Living here on the West End we share the roads with logging machinery on the move as well as the occasional manufactured home move.
On Friday I received a call from a woman that wanted to put a gripe in the paper. She shared that she had nearly just been in a head-on collision on the La Push Road, as a driver passed pilot cars and a wide load on a corner.
Thankfully she happened to be talking to her husband, who was the lead pilot vehicle, on her Blue tooth. He had advised her they would shortly be meeting on the highway as he was going west and she was headed east. He suggested she move over when they met, as she moved over …she had to move over even further almost into the ditch as a small dark-colored car passed the three vehicles on a corner.
She was pretty shaken by the near-collision …so here is a little refresher on how and what you should do when meeting or following an oversize load.
Loads that might be considered oversize include trucks carrying construction machinery such as cranes, pre-built homes, containers, or construction elements like beams, generators, or propellers.
Before seeing an oversize load, you may see a car or 4-wheel drive vehicle ahead, which is called a pilot vehicle, an escort car or a flag car.

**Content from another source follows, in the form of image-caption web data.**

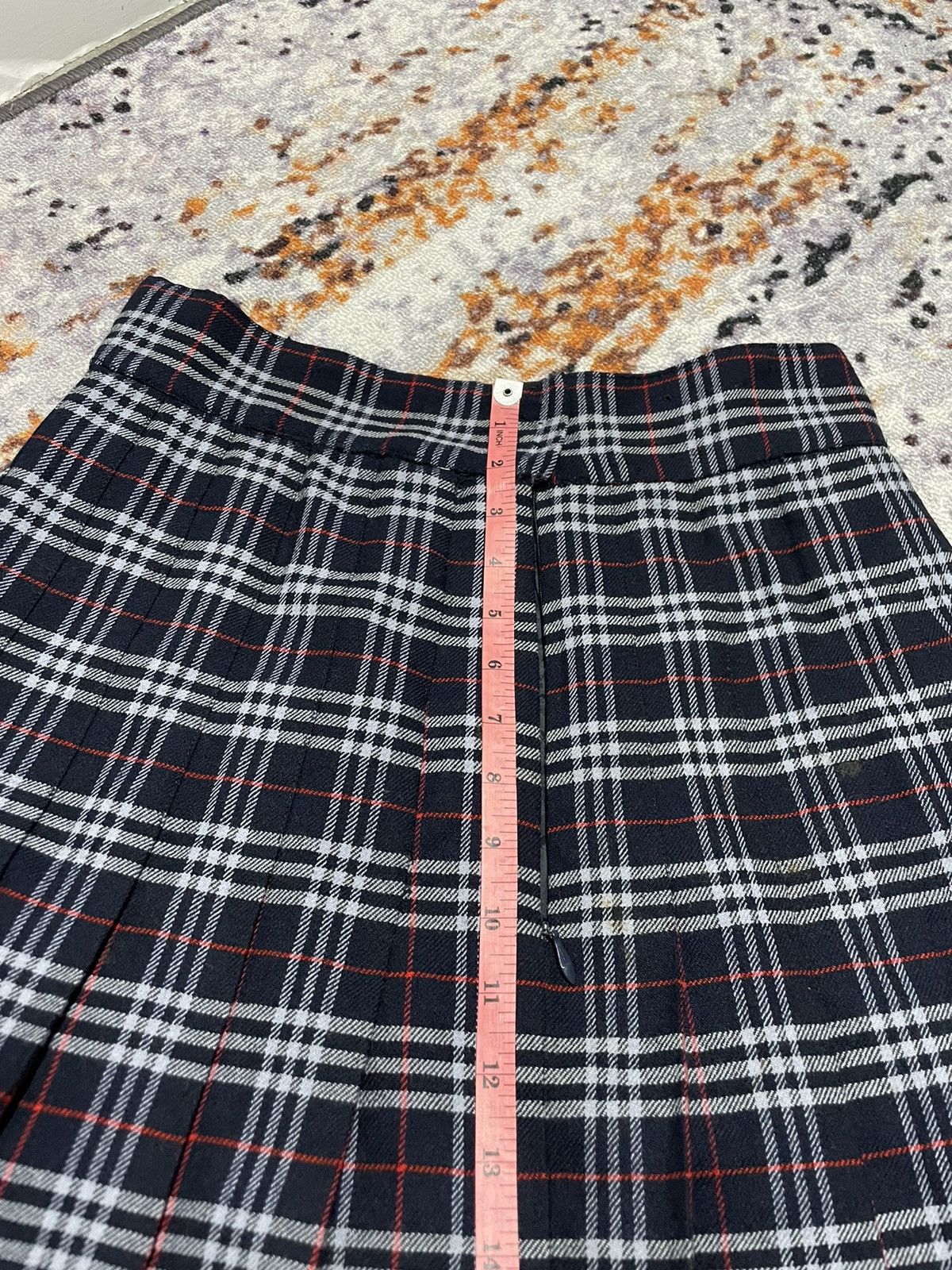 Burberry 🛒BINDING OFFER🛒Vintage Burberrys Mini Skirt wool 27-29 Size 27" / US 4 / IT 40 - 6 Thumbnail
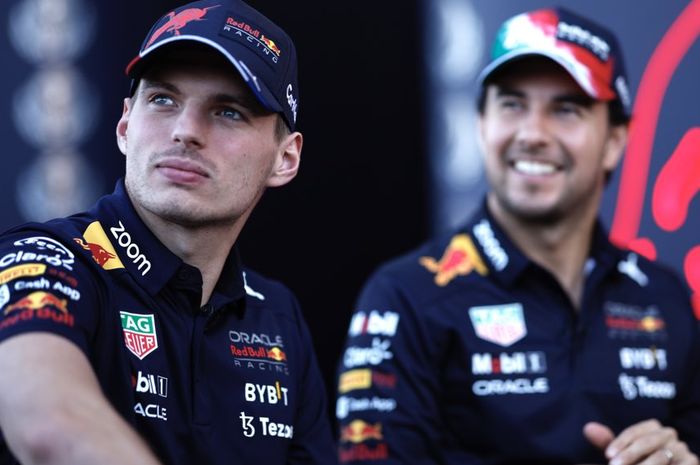 Juara F1 Amerika 2022 Max Verstappen belum tentu mau membantu Sergio Perez untuk menang di F1 Meksiko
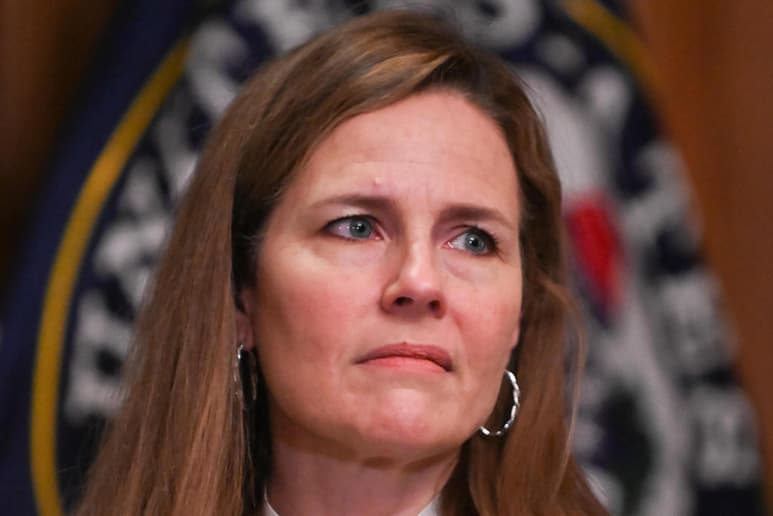 La nominada a la Corte Suprema de Estados Unidos Amy Coney Barrett y su esposo tuvieron COVID-19 este año y se recuperaron, de acuerdo con dos funcionarios del gobierno. (EFE)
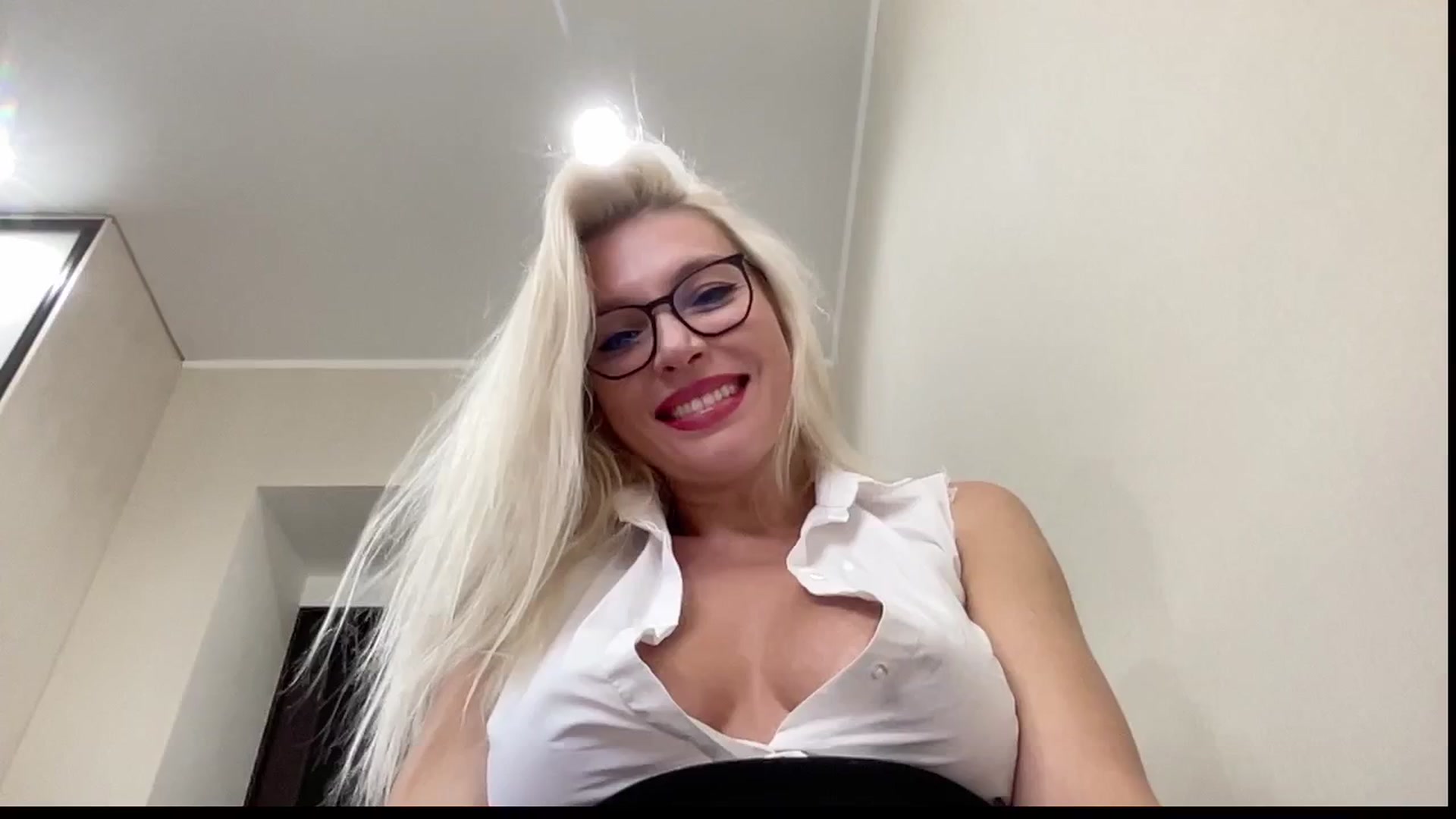 Gallery image thumbnail from AmazingkellyX's myfreecams stream on, 08/31/2025, 10:20 image 8 of 20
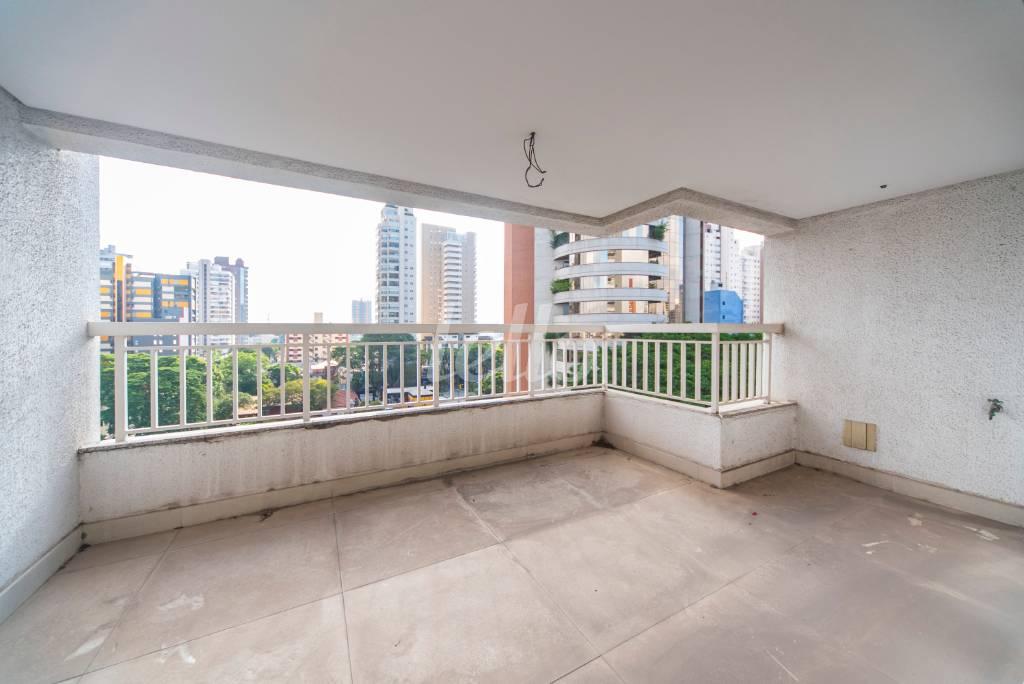 VARANDA DA SALA de Apartamento à venda, Padrão com 175 m², 3 quartos e 3 vagas em Jardim - Santo André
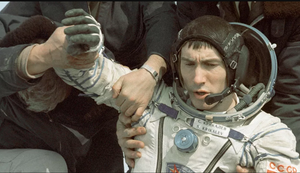 Phi hành gia bỏ lỡ sự sụp đổ của Liên Xô khi đang ở trên vũ trụ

Its role is to warn drivers of the approach of an oversize load, evaluate the safety of the route and keep the truck driver informed of the road conditions ahead. The car will have flashing lights, flags and/or a sign to indicate that an oversized load is on its way.
Safety and consideration are the watchwords when sharing the road with oversize loads.
Upon seeing an escort car or the oversize load itself, be prepared to move over, slow down, and stop. A pilot vehicle may signal you to slow down or warn you to pull off the road.
Many drivers grow impatient when their journey is slowed by oversize loads and/or when there are few passing opportunities. Stay safe by not taking unnecessary risks.
An oversize load may well require both lanes on roundabouts, so leave plenty of room for the truck to maneuver.
In addition to remembering that loaded trucks have a longer braking distance than cars, consider the potential gain, safety and legality of overtaking. Ask yourself how far it is to the next designated overtaking lane and consider the unusual length and/or width of the vehicle ahead.
If you decide to overtake, maintain a safe following distance, make sure that you have enough room to safely complete the maneuver, remember to indicate and check that no-one is trying to overtake YOU. Be prepared to retreat to your former position in the event of a miscalculation or an unexpected road event. If you cannot see the truck driver in their mirrors they are unable to see you.
Pull in when you can see the headlights of the oversize load in your rearview mirror.